What is needed
Search the records below for the string "Snapshot" and copy each line where it turns up.

Short text fragments from websites:
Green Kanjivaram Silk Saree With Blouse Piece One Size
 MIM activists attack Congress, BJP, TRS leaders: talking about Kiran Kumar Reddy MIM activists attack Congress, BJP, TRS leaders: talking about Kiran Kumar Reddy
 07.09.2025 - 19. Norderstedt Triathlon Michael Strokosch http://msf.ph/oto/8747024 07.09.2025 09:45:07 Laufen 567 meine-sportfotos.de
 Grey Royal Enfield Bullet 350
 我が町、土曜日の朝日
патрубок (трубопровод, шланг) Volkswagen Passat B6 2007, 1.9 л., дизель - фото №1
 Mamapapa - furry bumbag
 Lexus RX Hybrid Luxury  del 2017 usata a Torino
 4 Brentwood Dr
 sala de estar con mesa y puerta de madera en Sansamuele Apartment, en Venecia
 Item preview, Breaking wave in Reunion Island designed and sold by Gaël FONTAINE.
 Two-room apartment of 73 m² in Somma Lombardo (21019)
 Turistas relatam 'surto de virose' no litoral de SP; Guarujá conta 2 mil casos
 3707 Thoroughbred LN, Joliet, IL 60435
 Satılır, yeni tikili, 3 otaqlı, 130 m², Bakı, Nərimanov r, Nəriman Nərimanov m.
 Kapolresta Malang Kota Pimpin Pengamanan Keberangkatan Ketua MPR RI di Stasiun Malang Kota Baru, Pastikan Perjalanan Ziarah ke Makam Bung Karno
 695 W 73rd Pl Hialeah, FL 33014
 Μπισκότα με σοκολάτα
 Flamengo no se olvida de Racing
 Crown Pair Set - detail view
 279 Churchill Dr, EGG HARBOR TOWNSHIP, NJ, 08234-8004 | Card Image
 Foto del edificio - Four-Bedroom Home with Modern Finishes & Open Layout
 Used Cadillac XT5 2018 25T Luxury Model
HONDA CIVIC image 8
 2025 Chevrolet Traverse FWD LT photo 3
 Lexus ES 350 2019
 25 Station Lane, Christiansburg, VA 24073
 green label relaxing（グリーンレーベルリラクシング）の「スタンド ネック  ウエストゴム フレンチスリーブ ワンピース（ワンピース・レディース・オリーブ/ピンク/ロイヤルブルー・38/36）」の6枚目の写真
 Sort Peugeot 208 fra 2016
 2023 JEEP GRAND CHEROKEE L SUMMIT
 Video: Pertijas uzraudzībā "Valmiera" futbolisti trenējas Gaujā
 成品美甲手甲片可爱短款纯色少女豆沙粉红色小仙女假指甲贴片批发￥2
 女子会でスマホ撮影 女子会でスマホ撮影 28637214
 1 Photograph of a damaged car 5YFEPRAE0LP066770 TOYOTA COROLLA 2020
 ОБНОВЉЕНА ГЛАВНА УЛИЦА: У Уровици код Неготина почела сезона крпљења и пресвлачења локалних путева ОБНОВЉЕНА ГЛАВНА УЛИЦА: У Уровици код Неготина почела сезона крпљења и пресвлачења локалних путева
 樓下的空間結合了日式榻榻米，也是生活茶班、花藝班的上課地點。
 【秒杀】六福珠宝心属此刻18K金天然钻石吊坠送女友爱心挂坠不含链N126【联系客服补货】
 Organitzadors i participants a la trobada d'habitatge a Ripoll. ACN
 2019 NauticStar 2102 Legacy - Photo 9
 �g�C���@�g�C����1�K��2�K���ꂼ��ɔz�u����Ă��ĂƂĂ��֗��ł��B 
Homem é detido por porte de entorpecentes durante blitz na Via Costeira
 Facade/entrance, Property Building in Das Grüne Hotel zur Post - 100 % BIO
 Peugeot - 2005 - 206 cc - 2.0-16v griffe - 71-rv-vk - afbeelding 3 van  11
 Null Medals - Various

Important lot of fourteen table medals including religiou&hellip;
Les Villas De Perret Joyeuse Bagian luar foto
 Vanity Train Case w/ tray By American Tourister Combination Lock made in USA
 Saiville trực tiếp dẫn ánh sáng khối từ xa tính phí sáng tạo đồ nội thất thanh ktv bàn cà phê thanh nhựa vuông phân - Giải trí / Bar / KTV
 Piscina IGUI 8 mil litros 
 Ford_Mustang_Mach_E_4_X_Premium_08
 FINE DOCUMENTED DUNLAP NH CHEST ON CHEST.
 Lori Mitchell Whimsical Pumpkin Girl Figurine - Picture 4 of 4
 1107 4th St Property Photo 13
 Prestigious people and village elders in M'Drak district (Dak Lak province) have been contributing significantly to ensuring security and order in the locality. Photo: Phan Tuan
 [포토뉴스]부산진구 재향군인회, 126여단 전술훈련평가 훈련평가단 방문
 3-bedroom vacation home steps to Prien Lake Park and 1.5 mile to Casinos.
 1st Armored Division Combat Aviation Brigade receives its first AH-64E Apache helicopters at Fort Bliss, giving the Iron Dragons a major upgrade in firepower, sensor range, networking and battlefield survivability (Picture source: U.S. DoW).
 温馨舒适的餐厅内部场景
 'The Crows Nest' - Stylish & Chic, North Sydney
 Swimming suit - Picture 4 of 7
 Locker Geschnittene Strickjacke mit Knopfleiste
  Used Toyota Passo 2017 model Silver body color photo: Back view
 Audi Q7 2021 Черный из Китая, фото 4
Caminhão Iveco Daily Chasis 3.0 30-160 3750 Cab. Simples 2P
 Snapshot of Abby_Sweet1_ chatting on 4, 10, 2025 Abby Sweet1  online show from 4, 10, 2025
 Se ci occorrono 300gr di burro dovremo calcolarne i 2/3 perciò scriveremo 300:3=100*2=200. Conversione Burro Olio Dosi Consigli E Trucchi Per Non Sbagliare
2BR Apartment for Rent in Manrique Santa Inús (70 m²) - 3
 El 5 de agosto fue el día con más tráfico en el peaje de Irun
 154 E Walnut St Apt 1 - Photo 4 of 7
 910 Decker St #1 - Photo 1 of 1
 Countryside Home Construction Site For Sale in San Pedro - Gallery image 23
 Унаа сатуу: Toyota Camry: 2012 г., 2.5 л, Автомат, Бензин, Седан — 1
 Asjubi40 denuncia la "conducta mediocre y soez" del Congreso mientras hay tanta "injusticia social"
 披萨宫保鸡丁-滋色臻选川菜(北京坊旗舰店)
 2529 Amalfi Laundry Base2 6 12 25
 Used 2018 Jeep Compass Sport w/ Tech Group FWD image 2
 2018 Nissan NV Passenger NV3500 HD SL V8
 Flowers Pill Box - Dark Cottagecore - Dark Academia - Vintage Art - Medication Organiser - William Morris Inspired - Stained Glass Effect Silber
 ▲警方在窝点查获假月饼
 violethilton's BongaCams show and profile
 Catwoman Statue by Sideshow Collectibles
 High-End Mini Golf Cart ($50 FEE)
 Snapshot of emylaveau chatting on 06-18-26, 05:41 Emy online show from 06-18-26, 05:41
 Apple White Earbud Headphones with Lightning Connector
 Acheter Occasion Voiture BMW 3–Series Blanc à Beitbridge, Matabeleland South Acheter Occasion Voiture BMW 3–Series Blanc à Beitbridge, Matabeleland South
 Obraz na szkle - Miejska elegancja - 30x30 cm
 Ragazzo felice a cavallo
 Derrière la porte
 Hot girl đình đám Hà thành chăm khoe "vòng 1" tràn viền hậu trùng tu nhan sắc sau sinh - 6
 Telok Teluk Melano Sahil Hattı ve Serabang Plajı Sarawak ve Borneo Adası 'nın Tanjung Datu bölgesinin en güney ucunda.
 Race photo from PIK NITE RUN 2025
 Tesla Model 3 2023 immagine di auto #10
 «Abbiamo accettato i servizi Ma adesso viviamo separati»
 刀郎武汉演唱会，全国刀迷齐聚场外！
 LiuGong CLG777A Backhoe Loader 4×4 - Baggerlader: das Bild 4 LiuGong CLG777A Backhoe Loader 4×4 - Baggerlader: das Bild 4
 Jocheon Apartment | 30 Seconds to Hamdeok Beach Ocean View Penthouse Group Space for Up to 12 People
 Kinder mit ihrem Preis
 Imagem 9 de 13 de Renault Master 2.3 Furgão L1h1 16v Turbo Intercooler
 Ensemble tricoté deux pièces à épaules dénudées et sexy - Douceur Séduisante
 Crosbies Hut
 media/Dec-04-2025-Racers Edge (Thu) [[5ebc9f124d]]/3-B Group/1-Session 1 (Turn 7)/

Expected answer
 Snapshot of Abby_Sweet1_ chatting on 4, 10, 2025 Abby Sweet1  online show from 4, 10, 2025
 Snapshot of emylaveau chatting on 06-18-26, 05:41 Emy online show from 06-18-26, 05:41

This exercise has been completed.